> [Instructions for the task] Using the data below, restate exactly every line from the one with "仮想通貨、AI、規制、SUBBDが交差する未来的なイメージ" up to and including the one with "儿童休闲卡通运动夏季背心日常男童帅气无袖圆领中大童上衣6726". No picture belongs in it.

> [Supplied records]

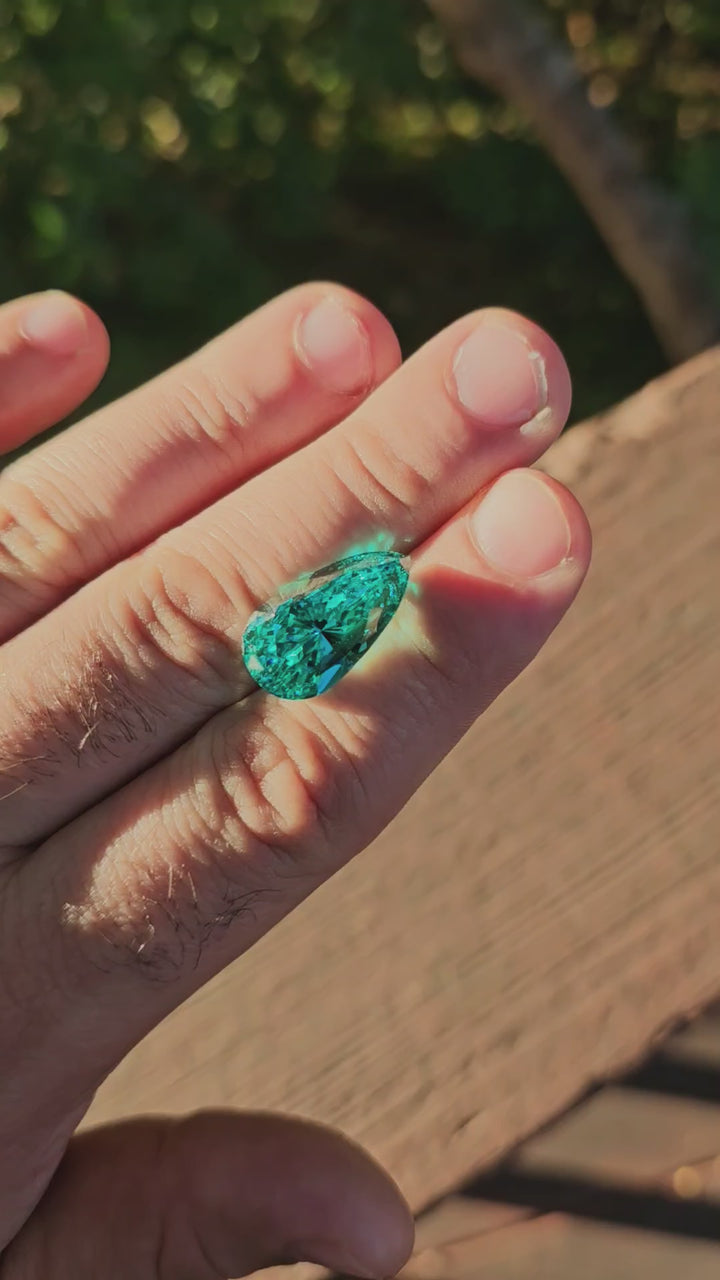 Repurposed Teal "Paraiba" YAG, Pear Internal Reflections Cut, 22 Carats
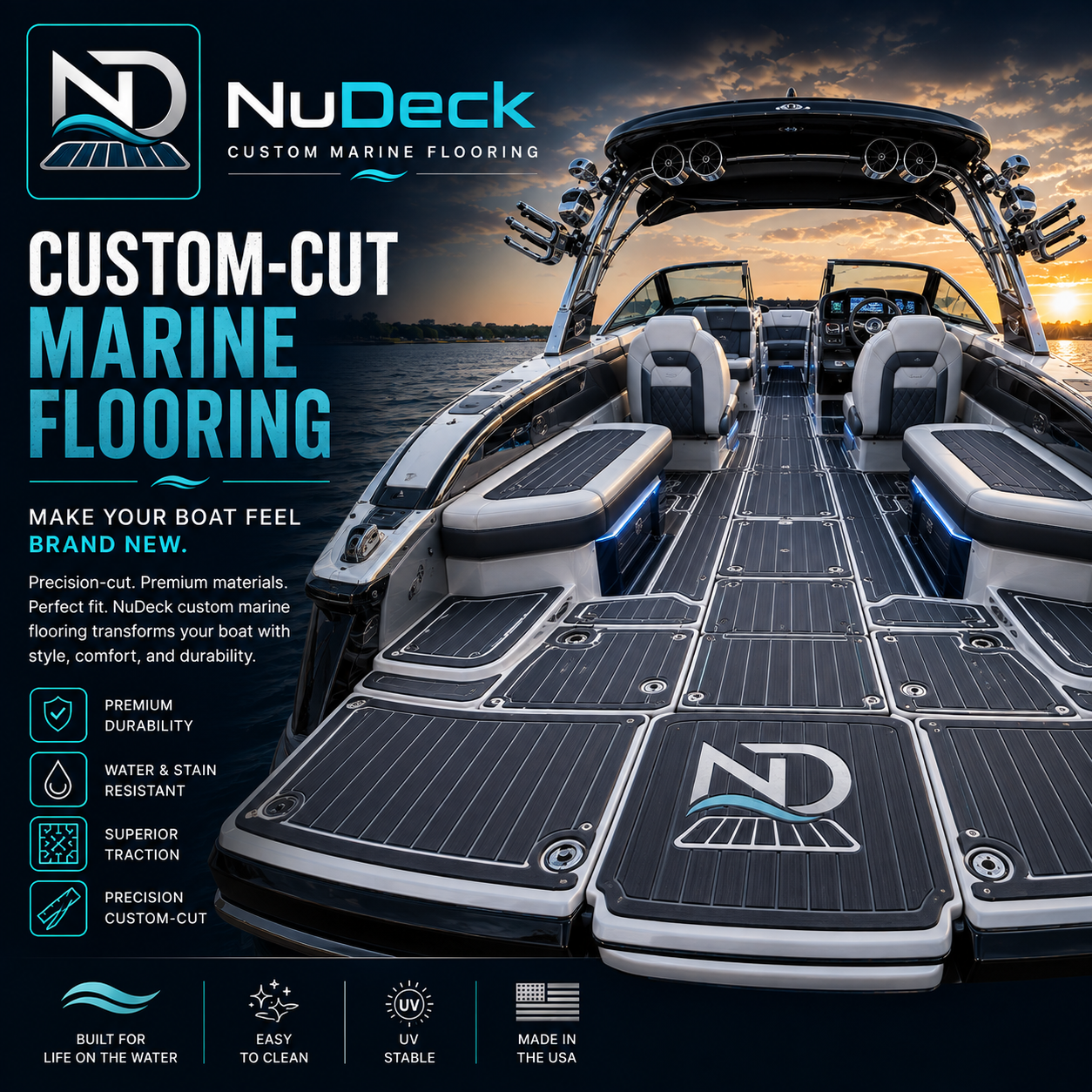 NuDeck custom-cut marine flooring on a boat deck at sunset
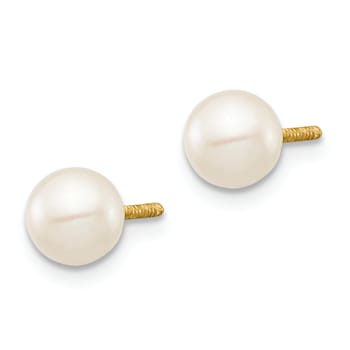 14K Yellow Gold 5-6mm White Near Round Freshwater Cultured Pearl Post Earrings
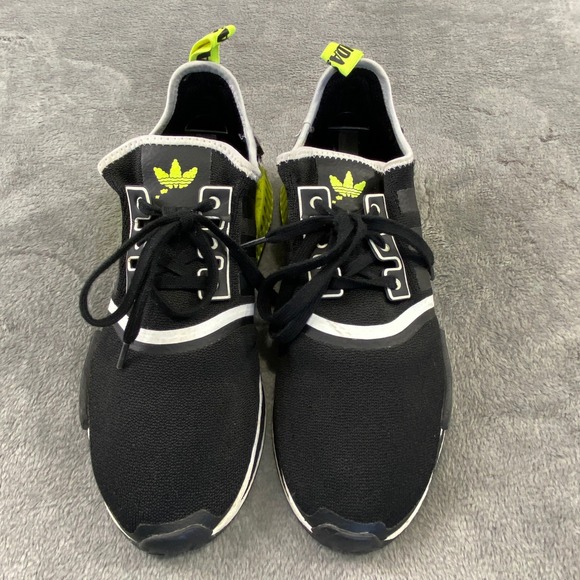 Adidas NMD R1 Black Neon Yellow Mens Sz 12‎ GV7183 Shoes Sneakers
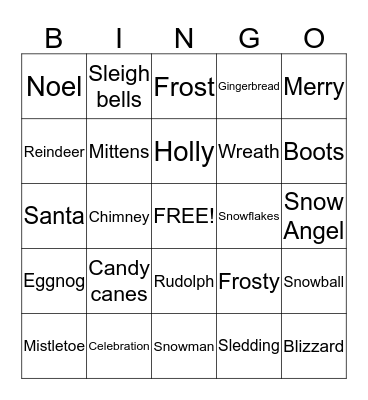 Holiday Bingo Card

---

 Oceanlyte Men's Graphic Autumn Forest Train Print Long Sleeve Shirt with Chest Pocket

==

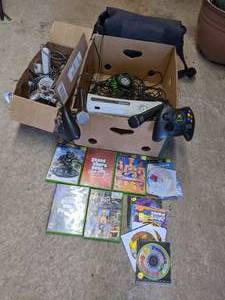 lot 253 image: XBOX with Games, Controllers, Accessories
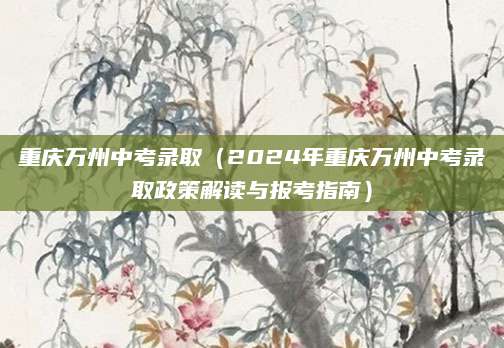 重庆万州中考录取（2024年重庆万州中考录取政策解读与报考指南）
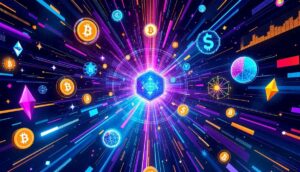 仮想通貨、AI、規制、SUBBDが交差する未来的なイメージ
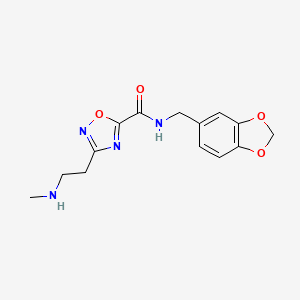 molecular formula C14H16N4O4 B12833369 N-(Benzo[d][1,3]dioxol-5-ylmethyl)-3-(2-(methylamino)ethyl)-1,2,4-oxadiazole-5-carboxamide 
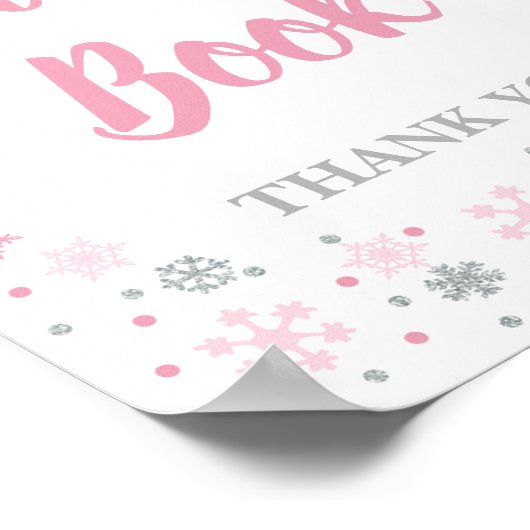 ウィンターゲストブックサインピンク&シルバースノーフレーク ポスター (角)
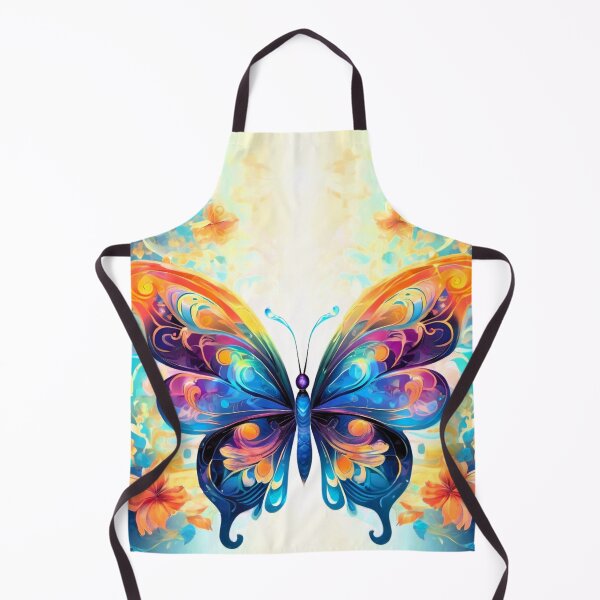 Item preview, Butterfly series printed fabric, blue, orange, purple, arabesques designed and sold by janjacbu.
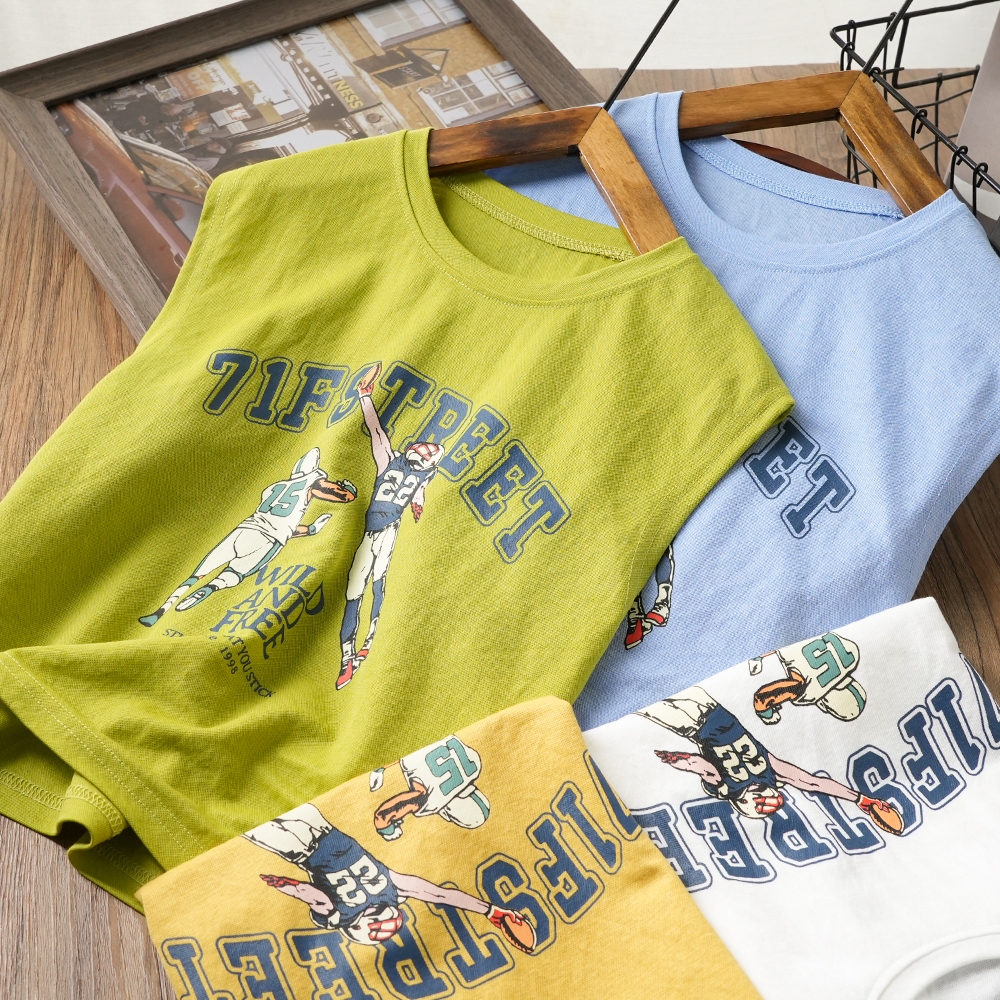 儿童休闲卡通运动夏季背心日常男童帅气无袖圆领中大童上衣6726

> [Completed exercise]
 仮想通貨、AI、規制、SUBBDが交差する未来的なイメージ
 molecular formula C14H16N4O4 B12833369 N-(Benzo[d][1,3]dioxol-5-ylmethyl)-3-(2-(methylamino)ethyl)-1,2,4-oxadiazole-5-carboxamide 
 ウィンターゲストブックサインピンク&シルバースノーフレーク ポスター (角)
 Item preview, Butterfly series printed fabric, blue, orange, purple, arabesques designed and sold by janjacbu.
 儿童休闲卡通运动夏季背心日常男童帅气无袖圆领中大童上衣6726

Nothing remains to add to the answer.